16. Express the first escape velocity in terms of the gravitational constant, mass and radius of the Earth.

Clue. In the formula obtained in the previous task, replace the mass and radius of the Earth with the mass and radius of the Moon.

In order for a body to leave the vicinity of the Earth forever, it must be given a speed of approximately 11.2 km/s. It is called the second escape velocity.

6. How the gravitational constant was measured

If we assume that the gravitational acceleration g near the Earth's surface, the mass and radius of the Earth are known, then the value of the gravitational constant G can be easily determined using formula (7). The problem, however, is that until the end of the 18th century the mass of the Earth could not be measured.

Therefore, in order to find the value of the gravitational constant G, it was necessary to measure the force of attraction of two bodies of known mass located at a certain distance from each other. At the end of the 18th century, the English scientist Henry Cavendish was able to carry out such an experiment.

He suspended a light horizontal rod with small metal balls a and b on a thin elastic thread and, using the angle of rotation of the thread, measured the attractive forces acting on these balls from large metal balls A and B (Fig. 14.5). The scientist measured small angles of rotation of the thread by the displacement of the “bunny” from the mirror attached to the thread.

Cavendish's experiment was figuratively called the "weighing of the Earth" because this experiment made it possible for the first time to measure the mass of the Earth.

18. Express the mass of the Earth in terms of G, g and R Earth.


Additional questions and tasks

19. Two ships weighing 6000 tons each are attracted by forces of 2 mN. What is the distance between the ships?

20. With what force does the Sun attract the Earth?

21. With what force does a person weighing 60 kg attract the Sun?

22. What is the acceleration of gravity at a distance from the Earth’s surface equal to its diameter?

23. How many times is the acceleration of the Moon, due to the Earth’s gravity, less than the acceleration of gravity on the Earth’s surface?

24. The acceleration of free fall on the surface of Mars is 2.65 times less than the acceleration of free fall on the surface of the Earth. The radius of Mars is approximately 3400 km. How many times is the mass of Mars less than the mass of Earth?

25. Why equal to the period revolutions of an artificial Earth satellite in low Earth orbit?

26. What is the first escape velocity for Mars?
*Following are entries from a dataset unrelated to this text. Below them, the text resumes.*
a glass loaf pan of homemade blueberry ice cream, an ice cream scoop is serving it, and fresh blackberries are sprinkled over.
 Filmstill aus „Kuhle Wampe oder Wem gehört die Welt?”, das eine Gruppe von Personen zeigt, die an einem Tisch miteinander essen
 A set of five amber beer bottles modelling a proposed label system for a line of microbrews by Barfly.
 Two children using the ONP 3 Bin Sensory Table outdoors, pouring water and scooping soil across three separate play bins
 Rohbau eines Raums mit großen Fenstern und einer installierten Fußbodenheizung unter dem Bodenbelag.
The mass of Mars is 6.4 * 10 23 kg, and the radius is 3400 km.

Newton's law of gravity

the law of universal gravitation, one of the universal laws of nature; according to N. z. i.e. all material bodies attract each other, and the magnitude of the gravitational force does not depend on physical and chemical properties bodies, on the state of their motion, on the properties of the environment where the bodies are located. On Earth, gravity manifests itself primarily in the existence of gravity, which is the result of the attraction of any material body by the Earth. Associated with this is the term “gravity” (from the Latin gravitas - heaviness), equivalent to the term “gravity”.

Gravitational interaction in accordance with the New Law. t. plays main role in motion star systems such as double and multiple stars, inside star clusters and galaxies. However, gravitational fields inside star clusters and galaxies are very complex character, have not yet been sufficiently studied, as a result of which the movements inside them are studied using methods other than celestial mechanics(see Stellar astronomy). Gravitational interaction also plays a significant role in all cosmic processes in which accumulations of large masses of matter participate. N. z. t. is the basis for studying the movement of artificial celestial bodies, in particular artificial satellites of the Earth and the Moon, space probes. On N. z. t. relies on Gravimetry. The forces of attraction between ordinary macroscopic material bodies on Earth can be detected and measured, but do not play any noticeable practical role. In the microcosm, the forces of attraction are negligible compared to intramolecular and intranuclear forces.

Newton left open the question of the nature of gravity. The assumption about the instantaneous propagation of gravity in space (i.e., the assumption that with a change in the positions of bodies the gravitational force between them instantly changes), which is closely related to the nature of gravity, was also not explained. The difficulties associated with this were eliminated only in Einstein's theory of gravitation, which represented a new stage in the knowledge of the objective laws of nature.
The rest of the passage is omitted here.